Genetic editing of GSE3 enables fully mechanized hybrid rice breeding (IMAGE)
Caption
a, Traditional labor-intensive (left) and the next-generation mechanized (right) production of F1 hybrid seeds are compared. In a traditional hybrid seed production process, the male sterile line needs to be grown near the restorer line in the alternative row for pollination (left). Before large-scale mechanized harvesting of hybrid seeds, the restorer line needs to be removed from the field by hand labor. The next-generation approach for F1 hybrid seed production is to plant the sterile line in the mixture with the restorer line, harvest mixed seeds of the male sterile line and the restorer line, and mechanically separate hybrid seeds by the sieve according to the seed size differences between the male sterile line and the restorer line (right); b. A proposed model for the GSE3-GS2 regulatory module in controlling grain size. The GSE3 positively regulates grain size. GS2 directly binds to the promoter region of grain size genes. GS2 recruits GSE3 to co-regulate the common target genes. This co-regulation is achieved by influencing the histone H4 acetylation of the promoter region, leading to the regulation of grain size; c.
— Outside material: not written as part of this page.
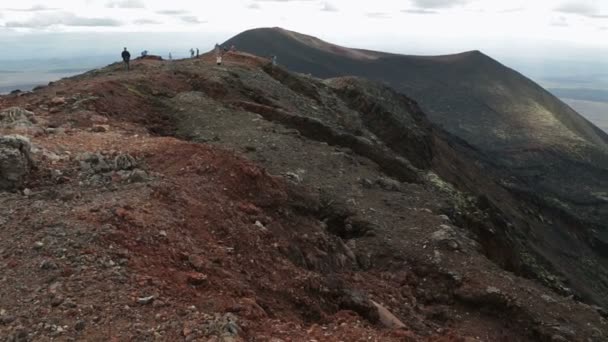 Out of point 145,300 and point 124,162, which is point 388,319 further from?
point 124,162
Mechanized hybrid seed production can be achieved for some elite hybrid rice varieties only by editing the GSE3 gene in male sterile lines when the grain thickness difference between the restorer lines and the male sterile lines was relatively large. For other elite hybrid rice varieties, mechanized hybrid seed production can be achieved by editing the GSE3 gene in male sterile lines and the GS2 gene for large grains or other large grain size genes in the restorer lines.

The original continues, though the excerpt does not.